Exclusive Interview With Masseur, Porn Star & All-Around DILF Will Swagger

It doesn’t take very long to understand why Will Swagger‘s massage clients always leave satisfied. Shortly after sending him a message on Massage Men, he sent an extraordinarily sexy reply agreeing to do an interview for Manhunt Daily. That is customer service at its finest!

Based on the very flirty conversation we had, I get the impression that Will is no stranger to, uh, servicing his customers. He was kind enough to walk me through the three different levels of massage work he offers, then we veered off to chat about role play, being a life coach and what it’s like to date gay porn’s ultimate silver daddy, Allen Silver.

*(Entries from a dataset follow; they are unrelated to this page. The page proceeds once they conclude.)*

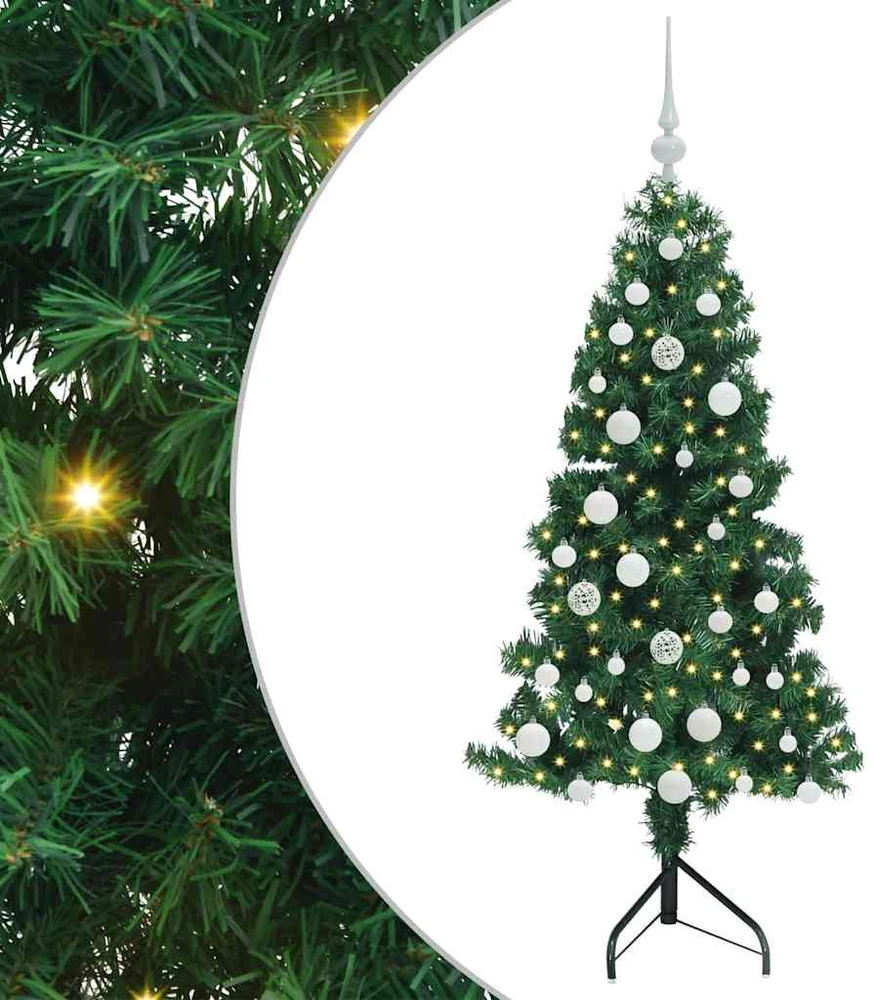 Kampinis dirbtinis Kalėdų medis Žalia 150 cm PVC ir metalas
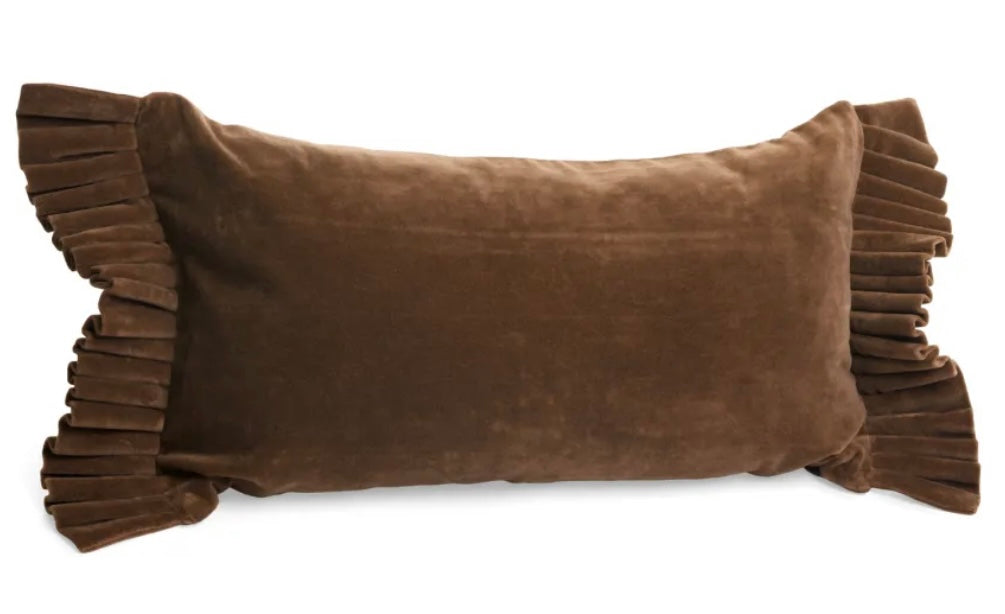 Dark Brown Velvet Cushion with Side Frills
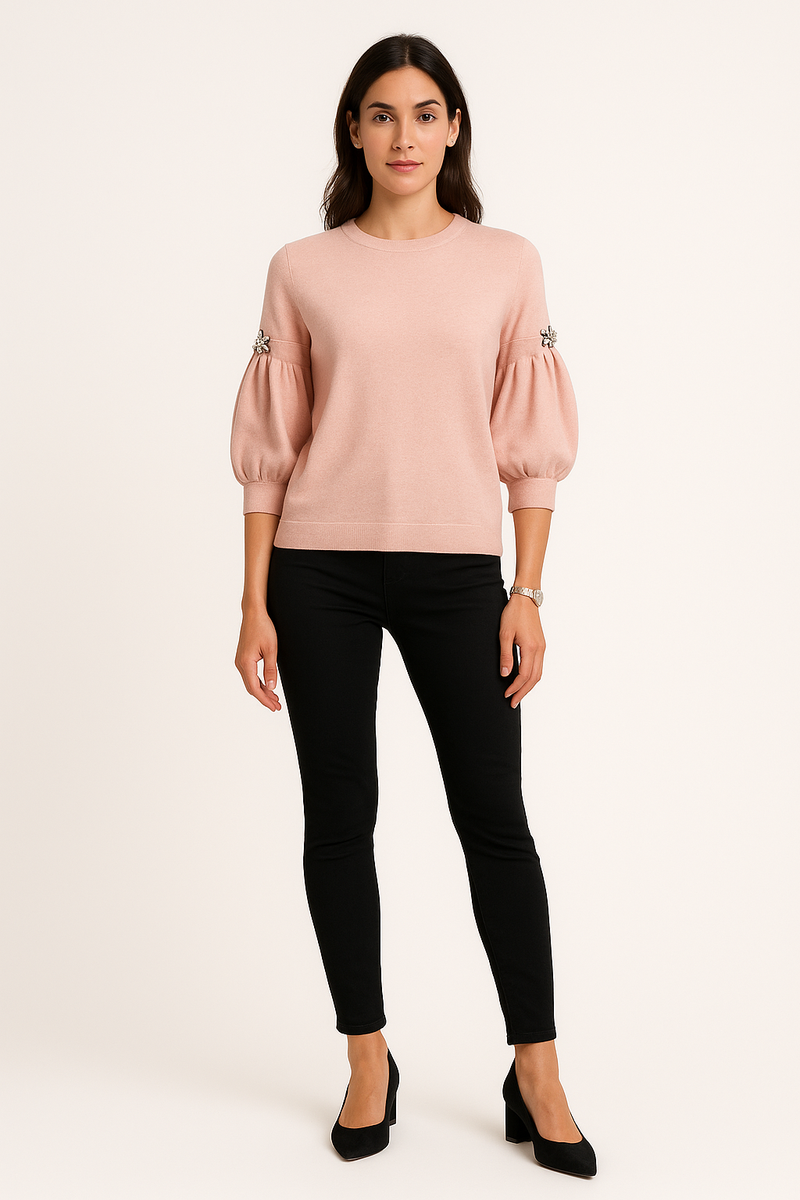 Soft blush knit — puff sleeves with crystal accents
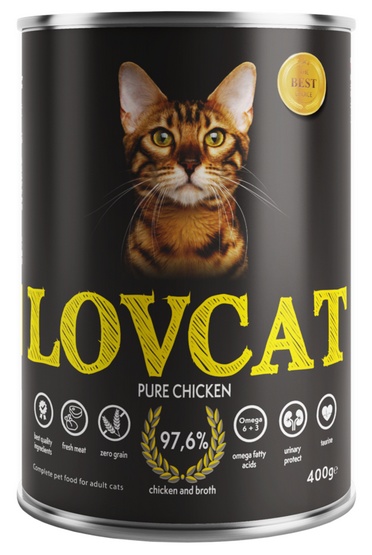 Lovcat Pure Chicken puszka 400g karma dla kota - obrazek 2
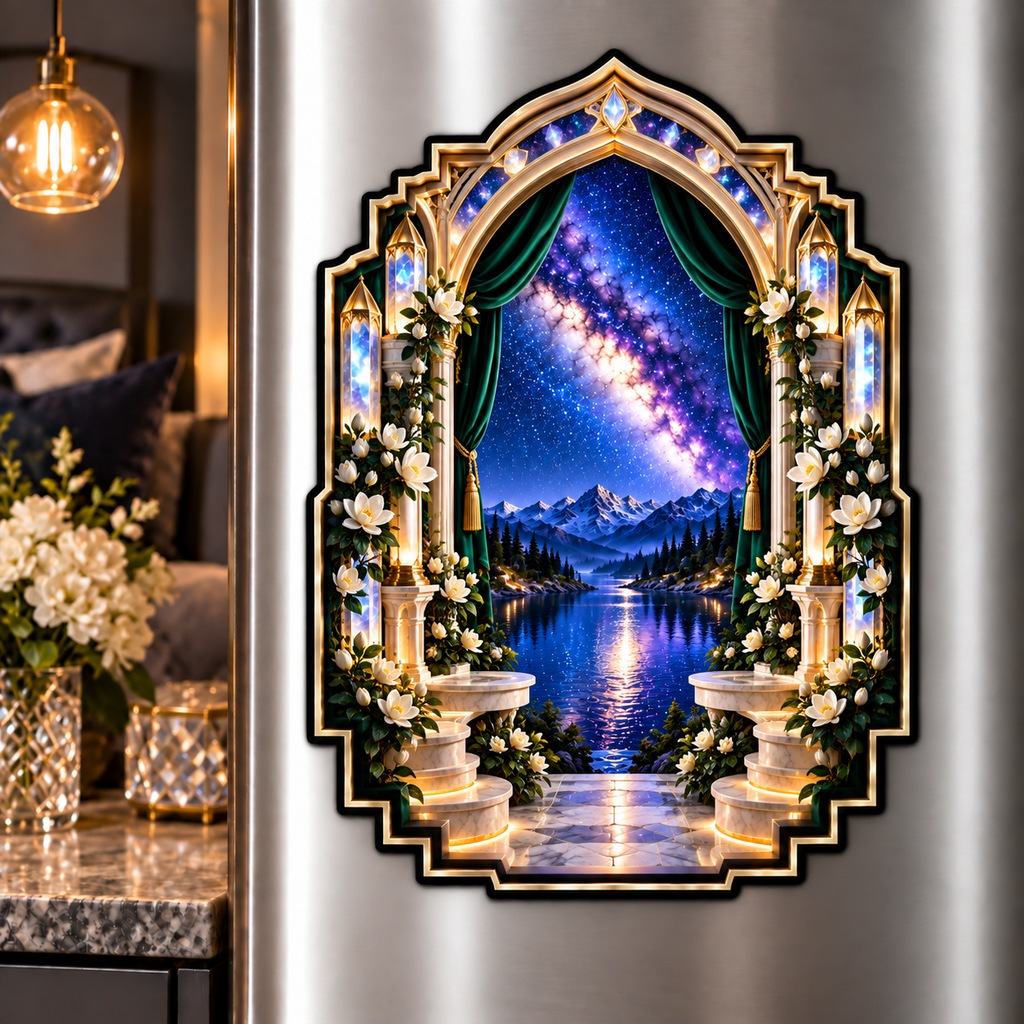 Milky Way Gilded Salon Arch Acrylic Refrigerator Magnet with printed optical 3D artwork in its use setting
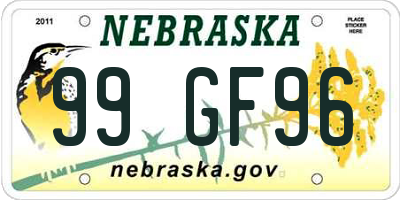 NE license plate 99GF96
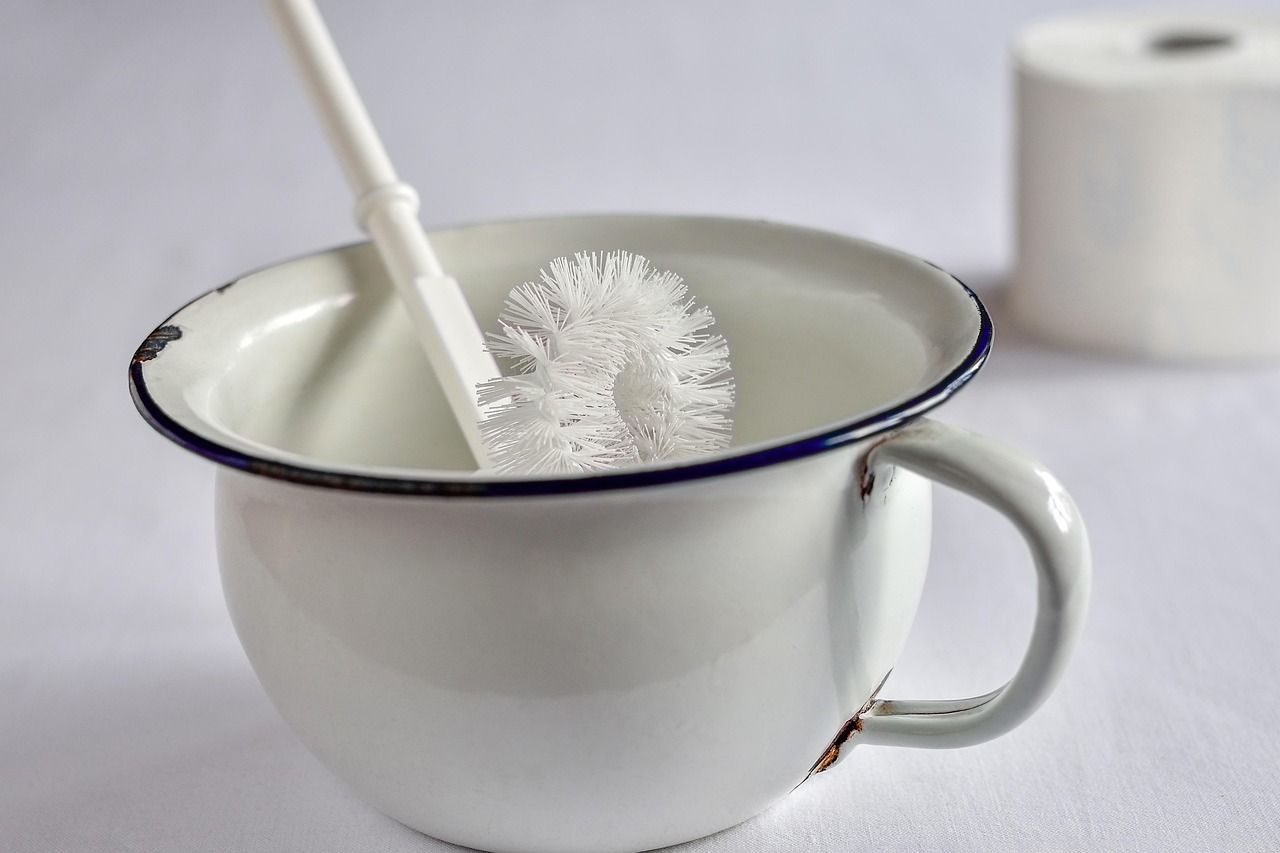 Klobürste mit Halter und Toilette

Check out what he had to say, and if you like what you hear, you know where to find him!

– Dewitt

Photo credit: Titan Men

Learn more about Will and his services with our interview below:

Will Swagger for Guy Bone

Personally, I’ve never had any sort of massage before. What should I expect if I were a first time client?

For first timers, I believe two things are paramount: don’t be afraid to say what you like or don’t like, and then just lay back and let me take care of you. There’s a reason people love what I do and keep coming back. So lay back, relax, and enjoy the ride!

You have three different levels of massage – therapeutic, erotic and interactive. Would you recommend that I start with therapeutic and work my way up, or dive right into a fantasy scenario?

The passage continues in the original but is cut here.